**** Data for the task

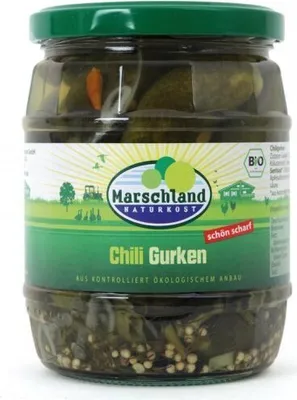 Image de Concombre au chili - bien épicé 580ml
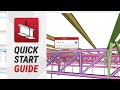 StruBIM Steel: numbering assemblies
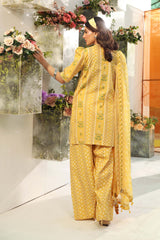 Maria B | M Basic Summer Lawn 25 | MB-CUS25-711A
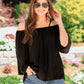 Charlotte Cold Shoulder Top
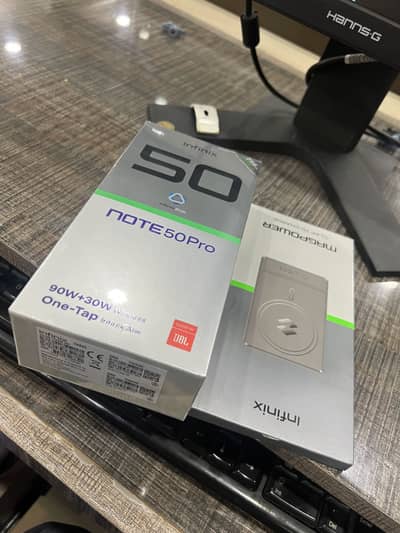 Infinix Note 50 pro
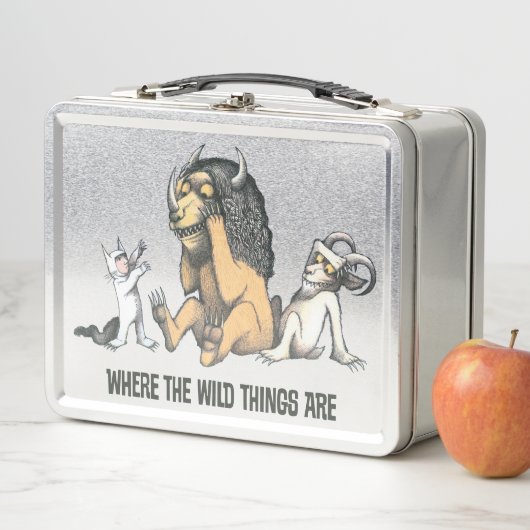 Max und die wilden Dinge spielen Metall Brotdose (Beispiel)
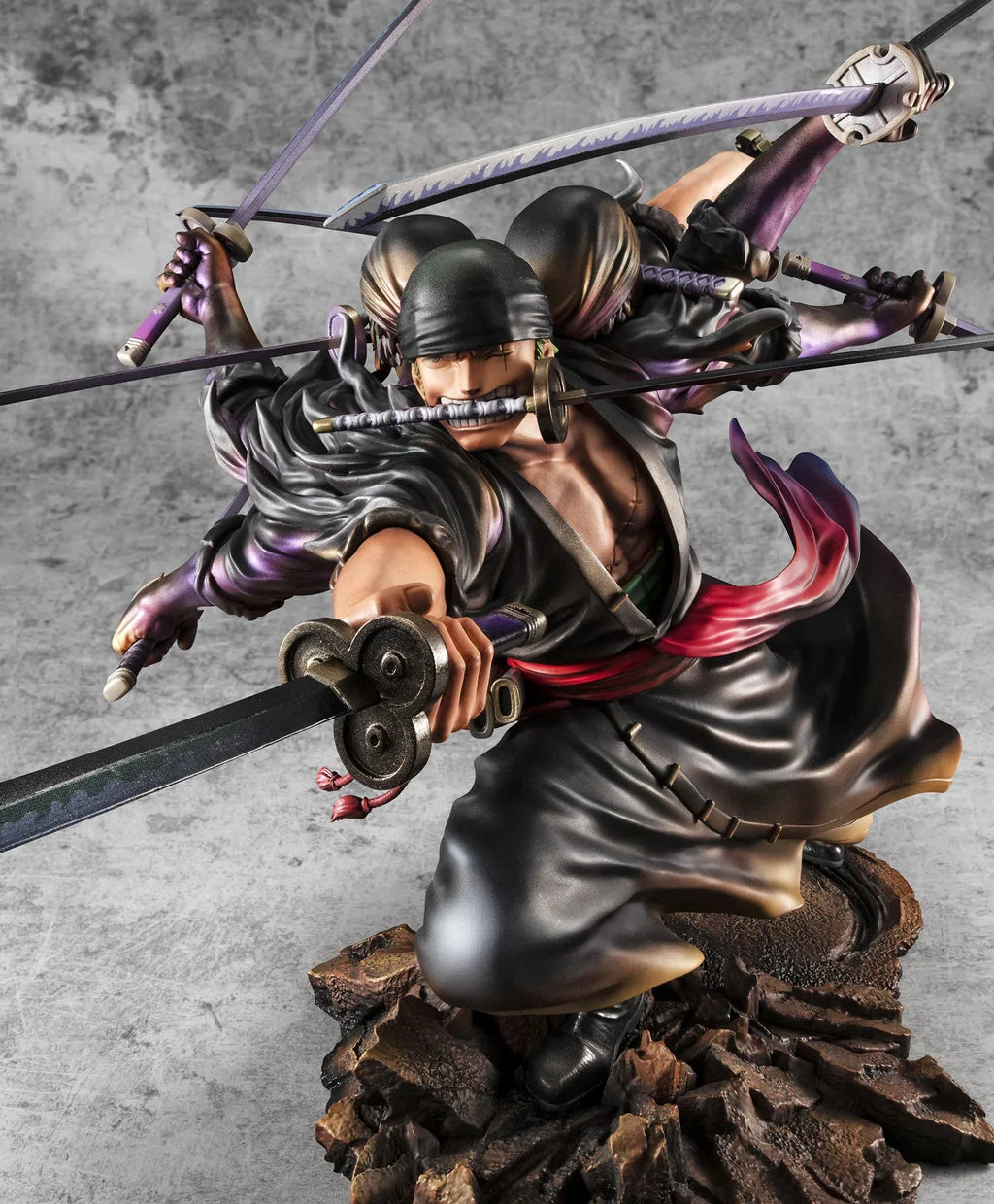 Roronoa Zoro Demon Aura Nine-Sword Style Asura - ONE PIECE "WA-MAXIMUM”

********

## How to complete this task
Beginning at the line that holds "Charlotte Cold Shoulder Top" and ending with the last line of the entries, please set down each line exactly, leaving every picture out.

## Output of the task
 Charlotte Cold Shoulder Top
 Infinix Note 50 pro
 Max und die wilden Dinge spielen Metall Brotdose (Beispiel)
 Roronoa Zoro Demon Aura Nine-Sword Style Asura - ONE PIECE "WA-MAXIMUM”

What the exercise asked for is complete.